Beide saßen sie mit baumelnden Beinen auf der Befestigungsmauer, unter ihnen die schlammig braunen Wasser der schnell dahinfließenden Donau. Sie sollten hier vor dem Haus An der Hundsumkehr auf ihre Mutter warten. Carl blickte über den Fluss hinweg zum anderen Ufer. Wenn er die Augen zu einem kleinen Schlitz zusammenkniff, kam es ihm vor, als würde die Donau in zwei Richtungen zur gleichen Zeit fließen. Ein Stück weiter flussabwärts zwängten sich die Fluten durch die Pfeiler der Steinernen Brücke hindurch. Er fragte sich, ob dem Mann die Kräfte ausgegangen waren, weil er sich zu sehr gegen den Sog des Strudels gestemmt hatte. Wenn man auf der Steinernen Brücke stand und hinuntersah, konnte man die Wirbel des Wassers und die darauf tanzende weißliche Gischt sehen. Carl glaubte, das Wasser wollte ihn und einen jeden, der darauf hinuntersah, anlocken.
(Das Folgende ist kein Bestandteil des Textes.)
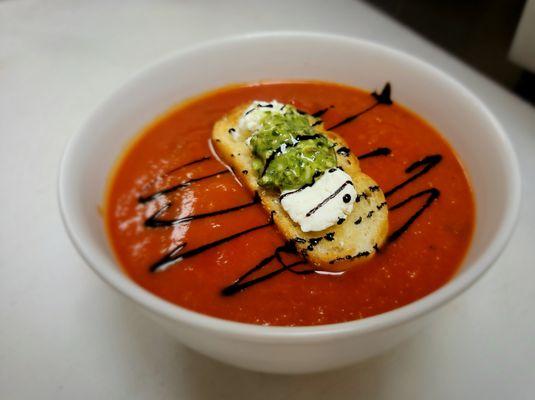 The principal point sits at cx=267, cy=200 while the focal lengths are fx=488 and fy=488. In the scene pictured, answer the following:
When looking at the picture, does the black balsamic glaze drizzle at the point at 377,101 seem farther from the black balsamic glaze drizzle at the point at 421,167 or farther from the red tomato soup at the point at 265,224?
the black balsamic glaze drizzle at the point at 421,167

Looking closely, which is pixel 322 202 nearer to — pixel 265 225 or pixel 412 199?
pixel 265 225

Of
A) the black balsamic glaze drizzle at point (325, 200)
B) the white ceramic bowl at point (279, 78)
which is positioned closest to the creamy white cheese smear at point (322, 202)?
the black balsamic glaze drizzle at point (325, 200)

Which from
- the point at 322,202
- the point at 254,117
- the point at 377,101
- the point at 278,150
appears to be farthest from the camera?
the point at 377,101

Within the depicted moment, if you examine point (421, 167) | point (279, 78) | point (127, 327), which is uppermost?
point (279, 78)

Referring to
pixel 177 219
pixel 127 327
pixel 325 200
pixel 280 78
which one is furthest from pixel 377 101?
pixel 127 327

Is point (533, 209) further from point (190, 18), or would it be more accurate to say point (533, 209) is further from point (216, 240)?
point (190, 18)

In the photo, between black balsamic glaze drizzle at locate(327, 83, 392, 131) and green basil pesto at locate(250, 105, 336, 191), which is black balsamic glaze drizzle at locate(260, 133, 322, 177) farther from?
black balsamic glaze drizzle at locate(327, 83, 392, 131)

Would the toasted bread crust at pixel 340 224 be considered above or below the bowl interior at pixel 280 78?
below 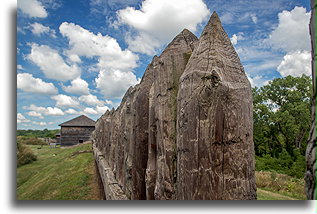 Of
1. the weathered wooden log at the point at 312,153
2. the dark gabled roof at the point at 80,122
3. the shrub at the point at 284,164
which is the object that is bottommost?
the shrub at the point at 284,164

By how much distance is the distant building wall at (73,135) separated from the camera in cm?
Answer: 2061

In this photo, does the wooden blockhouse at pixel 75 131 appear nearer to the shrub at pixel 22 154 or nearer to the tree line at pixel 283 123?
the shrub at pixel 22 154

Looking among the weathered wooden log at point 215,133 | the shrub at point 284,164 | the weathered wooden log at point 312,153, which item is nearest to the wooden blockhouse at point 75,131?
the shrub at point 284,164

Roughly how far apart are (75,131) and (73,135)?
424 mm

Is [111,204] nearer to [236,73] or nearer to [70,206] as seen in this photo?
[70,206]

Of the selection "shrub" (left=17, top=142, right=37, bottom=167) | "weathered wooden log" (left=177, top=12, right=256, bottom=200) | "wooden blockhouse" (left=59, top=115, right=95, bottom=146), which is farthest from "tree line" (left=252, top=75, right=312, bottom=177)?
"wooden blockhouse" (left=59, top=115, right=95, bottom=146)

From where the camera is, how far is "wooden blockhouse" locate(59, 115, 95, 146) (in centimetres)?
2066

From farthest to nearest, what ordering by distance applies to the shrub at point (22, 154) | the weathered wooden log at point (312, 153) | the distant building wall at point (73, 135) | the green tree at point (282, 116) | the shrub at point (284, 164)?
the distant building wall at point (73, 135) < the green tree at point (282, 116) < the shrub at point (284, 164) < the shrub at point (22, 154) < the weathered wooden log at point (312, 153)

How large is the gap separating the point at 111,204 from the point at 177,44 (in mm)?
1511

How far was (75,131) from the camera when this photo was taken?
69.9ft

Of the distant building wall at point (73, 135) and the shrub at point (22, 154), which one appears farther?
the distant building wall at point (73, 135)

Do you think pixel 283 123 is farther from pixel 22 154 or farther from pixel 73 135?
pixel 73 135

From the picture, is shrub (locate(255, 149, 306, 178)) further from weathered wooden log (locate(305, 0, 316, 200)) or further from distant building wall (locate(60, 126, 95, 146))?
distant building wall (locate(60, 126, 95, 146))

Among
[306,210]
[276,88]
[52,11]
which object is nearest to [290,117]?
[276,88] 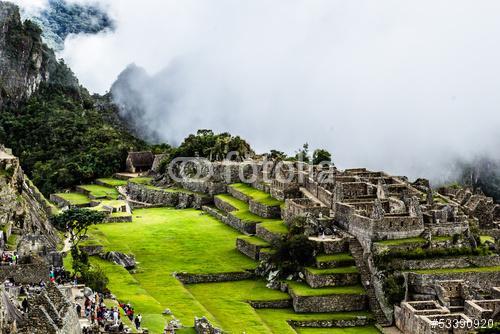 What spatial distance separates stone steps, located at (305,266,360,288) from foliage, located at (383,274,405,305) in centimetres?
259

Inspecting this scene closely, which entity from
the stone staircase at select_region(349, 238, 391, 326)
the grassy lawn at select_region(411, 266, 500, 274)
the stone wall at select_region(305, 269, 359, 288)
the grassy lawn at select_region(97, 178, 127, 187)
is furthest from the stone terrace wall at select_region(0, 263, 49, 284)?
the grassy lawn at select_region(97, 178, 127, 187)

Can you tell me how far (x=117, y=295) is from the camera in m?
49.2

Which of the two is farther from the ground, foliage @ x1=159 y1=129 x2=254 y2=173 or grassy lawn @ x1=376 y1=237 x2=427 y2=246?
foliage @ x1=159 y1=129 x2=254 y2=173

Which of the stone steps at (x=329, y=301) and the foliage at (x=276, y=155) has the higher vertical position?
the foliage at (x=276, y=155)

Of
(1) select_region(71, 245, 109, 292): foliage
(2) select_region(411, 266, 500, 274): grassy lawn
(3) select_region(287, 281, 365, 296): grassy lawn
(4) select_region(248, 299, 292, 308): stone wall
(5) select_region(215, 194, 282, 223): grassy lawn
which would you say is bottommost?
(4) select_region(248, 299, 292, 308): stone wall

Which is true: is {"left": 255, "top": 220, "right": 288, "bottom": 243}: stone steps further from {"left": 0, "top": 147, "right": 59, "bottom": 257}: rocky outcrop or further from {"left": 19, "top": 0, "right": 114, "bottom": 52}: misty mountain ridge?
{"left": 19, "top": 0, "right": 114, "bottom": 52}: misty mountain ridge

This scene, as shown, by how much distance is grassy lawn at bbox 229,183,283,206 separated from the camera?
237 ft

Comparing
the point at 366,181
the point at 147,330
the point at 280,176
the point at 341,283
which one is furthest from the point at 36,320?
the point at 280,176

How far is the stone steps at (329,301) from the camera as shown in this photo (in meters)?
53.7

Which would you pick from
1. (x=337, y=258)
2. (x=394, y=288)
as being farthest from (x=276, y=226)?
(x=394, y=288)

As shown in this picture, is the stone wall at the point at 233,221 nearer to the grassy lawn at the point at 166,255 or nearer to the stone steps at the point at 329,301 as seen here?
the grassy lawn at the point at 166,255

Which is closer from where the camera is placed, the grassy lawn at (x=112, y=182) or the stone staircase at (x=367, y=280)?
the stone staircase at (x=367, y=280)

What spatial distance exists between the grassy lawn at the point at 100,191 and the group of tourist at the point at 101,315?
150 feet

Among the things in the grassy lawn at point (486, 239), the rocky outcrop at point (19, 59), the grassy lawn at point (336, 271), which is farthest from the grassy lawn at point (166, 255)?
the rocky outcrop at point (19, 59) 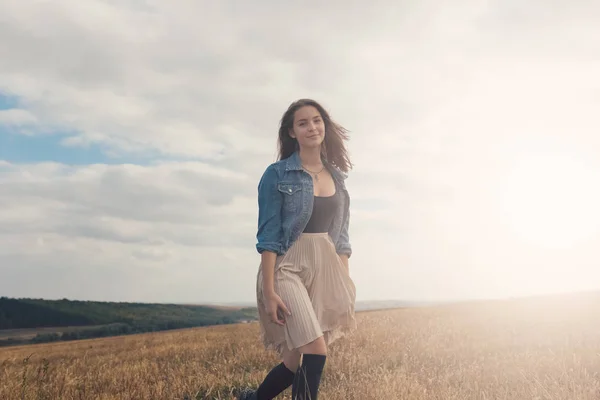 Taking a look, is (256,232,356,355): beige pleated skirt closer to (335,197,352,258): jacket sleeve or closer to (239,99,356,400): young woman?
(239,99,356,400): young woman

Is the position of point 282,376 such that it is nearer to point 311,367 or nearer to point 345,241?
point 311,367

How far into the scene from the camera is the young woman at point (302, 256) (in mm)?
4125

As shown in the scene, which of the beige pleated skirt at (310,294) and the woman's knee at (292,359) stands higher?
the beige pleated skirt at (310,294)

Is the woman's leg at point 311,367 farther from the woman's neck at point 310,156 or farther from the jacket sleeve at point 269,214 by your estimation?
the woman's neck at point 310,156

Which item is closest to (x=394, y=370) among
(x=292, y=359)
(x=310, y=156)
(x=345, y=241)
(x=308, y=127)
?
(x=345, y=241)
Er stellte sich vor, von der Brücke zu springen und unterzutauchen. Er glaubte, den Sog zu spüren, der ihn hinunterziehen würde. Sein Vater hatte ihm erklärt, wenn er in einen Strudel gerate, müsse er sich still verhalten, dürfe nicht dagegen ankämpfen. »Du musst dich bis auf den Grund ziehen lassen. Nur dann hast du eine Chance, aus dem Strudel wieder aufzutauchen. Wer sich dagegen wehrt, ist verloren. Das Wasser ist stärker, es nimmt dir die Kraft«, hatte der Vater gesagt.

»Erika behauptet, Wasserleichen schauen gruselig aus. Aufgedunsen, mit runzeliger Haut, wie wenn man zu lange in der Badewanne gesessen hat.« Carl hatte es gewusst: Ida würde nicht aufhören zu plappern.
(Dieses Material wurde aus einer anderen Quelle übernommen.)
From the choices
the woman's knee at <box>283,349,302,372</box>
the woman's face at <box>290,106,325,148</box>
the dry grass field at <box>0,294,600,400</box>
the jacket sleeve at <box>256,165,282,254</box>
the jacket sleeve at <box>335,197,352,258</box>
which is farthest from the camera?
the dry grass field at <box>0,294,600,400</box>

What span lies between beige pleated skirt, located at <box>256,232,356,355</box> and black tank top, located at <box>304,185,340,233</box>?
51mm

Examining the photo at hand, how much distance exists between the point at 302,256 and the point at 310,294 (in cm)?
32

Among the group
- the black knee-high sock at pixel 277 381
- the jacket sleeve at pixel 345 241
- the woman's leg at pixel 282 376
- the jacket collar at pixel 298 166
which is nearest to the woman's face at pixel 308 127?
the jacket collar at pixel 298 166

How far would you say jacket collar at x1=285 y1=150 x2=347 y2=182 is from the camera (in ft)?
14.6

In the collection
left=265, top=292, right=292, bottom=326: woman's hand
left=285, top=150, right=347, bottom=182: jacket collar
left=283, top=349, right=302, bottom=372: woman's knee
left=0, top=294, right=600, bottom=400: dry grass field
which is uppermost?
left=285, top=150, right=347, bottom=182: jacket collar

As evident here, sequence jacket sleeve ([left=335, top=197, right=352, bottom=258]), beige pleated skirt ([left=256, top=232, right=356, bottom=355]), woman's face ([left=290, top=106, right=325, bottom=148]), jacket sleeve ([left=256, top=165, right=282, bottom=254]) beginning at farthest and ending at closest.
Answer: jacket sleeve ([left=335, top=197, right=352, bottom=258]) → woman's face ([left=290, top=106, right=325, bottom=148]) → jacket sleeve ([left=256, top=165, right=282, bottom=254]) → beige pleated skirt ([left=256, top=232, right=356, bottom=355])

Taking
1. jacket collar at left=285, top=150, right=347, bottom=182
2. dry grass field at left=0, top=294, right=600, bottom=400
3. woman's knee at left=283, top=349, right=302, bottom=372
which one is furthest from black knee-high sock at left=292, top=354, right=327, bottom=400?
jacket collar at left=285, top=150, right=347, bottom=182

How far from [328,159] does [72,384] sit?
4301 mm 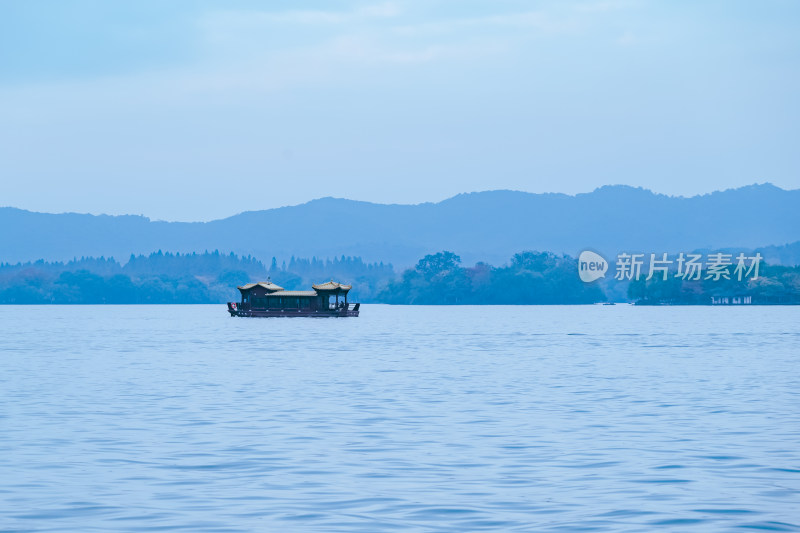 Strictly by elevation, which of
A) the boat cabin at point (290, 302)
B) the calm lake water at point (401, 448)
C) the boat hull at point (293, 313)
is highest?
the boat cabin at point (290, 302)

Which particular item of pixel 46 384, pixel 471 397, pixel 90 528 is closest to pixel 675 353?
pixel 471 397

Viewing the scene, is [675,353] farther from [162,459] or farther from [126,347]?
[162,459]

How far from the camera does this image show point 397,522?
1600cm

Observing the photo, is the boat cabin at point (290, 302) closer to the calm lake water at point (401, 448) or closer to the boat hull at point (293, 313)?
the boat hull at point (293, 313)

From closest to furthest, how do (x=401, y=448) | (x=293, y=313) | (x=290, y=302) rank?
(x=401, y=448) < (x=293, y=313) < (x=290, y=302)

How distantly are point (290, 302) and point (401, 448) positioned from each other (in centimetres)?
11382

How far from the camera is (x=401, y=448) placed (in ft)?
76.6

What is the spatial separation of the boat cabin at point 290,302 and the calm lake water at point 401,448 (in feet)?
A: 279

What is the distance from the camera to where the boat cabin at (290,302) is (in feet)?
440

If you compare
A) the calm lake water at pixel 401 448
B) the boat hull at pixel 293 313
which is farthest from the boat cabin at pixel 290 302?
the calm lake water at pixel 401 448

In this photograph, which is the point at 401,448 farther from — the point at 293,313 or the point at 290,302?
the point at 290,302

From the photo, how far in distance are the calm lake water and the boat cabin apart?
85.0 m

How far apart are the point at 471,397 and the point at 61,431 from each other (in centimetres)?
1237

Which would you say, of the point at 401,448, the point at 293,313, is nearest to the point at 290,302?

»Die muss es wissen. Die wohnt ja praktisch auf dem Friedhof.« Erika war Idas Freundin. Ihr Vater hatte eine Sargschreinerei in Reinhausen, gleich neben dem Haus der Großeltern. Wann immer die Kinder dort zu Besuch waren, waren die beiden Mädchen unzertrennlich.

Carl konnte Erika nicht ausstehen, seit sie ihm im letzten Sommer ihren Ziegenbock, der in einem kleinen Verschlag im Garten untergebracht war, auf den Hals gehetzt hatte.
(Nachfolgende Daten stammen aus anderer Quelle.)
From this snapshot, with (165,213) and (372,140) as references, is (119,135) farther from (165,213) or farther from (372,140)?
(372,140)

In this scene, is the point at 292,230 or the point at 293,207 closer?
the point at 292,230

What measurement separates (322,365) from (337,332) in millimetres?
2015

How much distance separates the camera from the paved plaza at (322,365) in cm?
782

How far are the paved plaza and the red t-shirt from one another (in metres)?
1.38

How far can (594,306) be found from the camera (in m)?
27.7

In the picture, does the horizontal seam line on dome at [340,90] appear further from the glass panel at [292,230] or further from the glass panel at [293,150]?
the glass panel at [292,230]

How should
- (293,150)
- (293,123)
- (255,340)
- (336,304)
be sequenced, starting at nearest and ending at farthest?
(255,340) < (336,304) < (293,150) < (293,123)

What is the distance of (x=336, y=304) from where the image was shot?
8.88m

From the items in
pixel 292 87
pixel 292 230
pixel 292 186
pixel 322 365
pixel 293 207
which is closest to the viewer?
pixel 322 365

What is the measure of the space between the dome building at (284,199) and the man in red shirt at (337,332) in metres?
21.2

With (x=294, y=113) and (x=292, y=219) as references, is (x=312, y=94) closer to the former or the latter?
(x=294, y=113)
»Hast du gewusst, dass den Toten im Leichenschauhaus eine Schnur um die Zehen gebunden wird? Wenn einer wieder aufwacht, dann läutet im Haus des Friedhofvorstehers eine Glocke.«

»Ist er nur scheintot und wacht auf, reicht die kleinste Bewegung mit den Zehen.« Sie wackelte mit den Fingerspitzen leicht hin und her. »Es muss schrecklich sein, lebendig in einem Sarg zu liegen, und keiner hört dich«, sinnierte Ida. »Erika hat gesagt, früher hat man sich deshalb auch gegen Aufpreis einen Herzstich machen lassen können, damit man auch wirklich tot ist.«

»Das ist doch alles ein Blödsinn.« Carl hob einen kleinen Stein auf und warf ihn ins Wasser.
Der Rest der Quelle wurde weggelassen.